BBC Radiophonic Workshop

bbc-radiophonic-workshop

The BBC Radiophonic Workshop, one of the sound effects units of the BBC, was created in 1958 to produce effects and new music for radio. Charged with recreating the sounds of real and imagined life as the official sound effects unit for the BBC, the Radiophonic Workshop played a decisive and pioneering role in the development of pop and electronic music. Crammed into the basement of the BBC’s Maida Vale studios where it began life in 1958, the workshop developed a fascination for tape manipulation, musique concrete and primitive oscillators which helped pave the way for synthesizers and digital sampling.
The techniques initially used by the Radiophonic Workshop were closely related to those used in musique concrète; new sounds for programs were created by using recordings of everyday sounds such as voices, bells or gravel as raw material for “radiophonic” manipulations. In these manipulations, audio tape could be played back at different speeds (altering a sound’s pitch), reversed, cut and joined, or processed using reverb or equalisation.

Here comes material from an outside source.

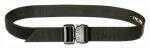 TACSHIELD (Military Prod) T30LGBK Tactical Gun Belt With Cobra Buckle 38"-42" Webbing Black Large 1.50" Wide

The most famous of the Workshop’s creations using ‘radiophonic’ techniques include the Doctor Who theme music, which Delia Derbyshire created using a plucked string, 12 oscillators and a lot of tape manipulation; and the sound of the TARDIS materialising and dematerialising, which was created by Brian Hodgson running his keys along the rusty bass strings of a broken piano, with the recording slowed down to make an even lower sound.
Reverberation was obtained using an echo chamber, a basement room with bare painted walls empty except for loudspeakers and microphones.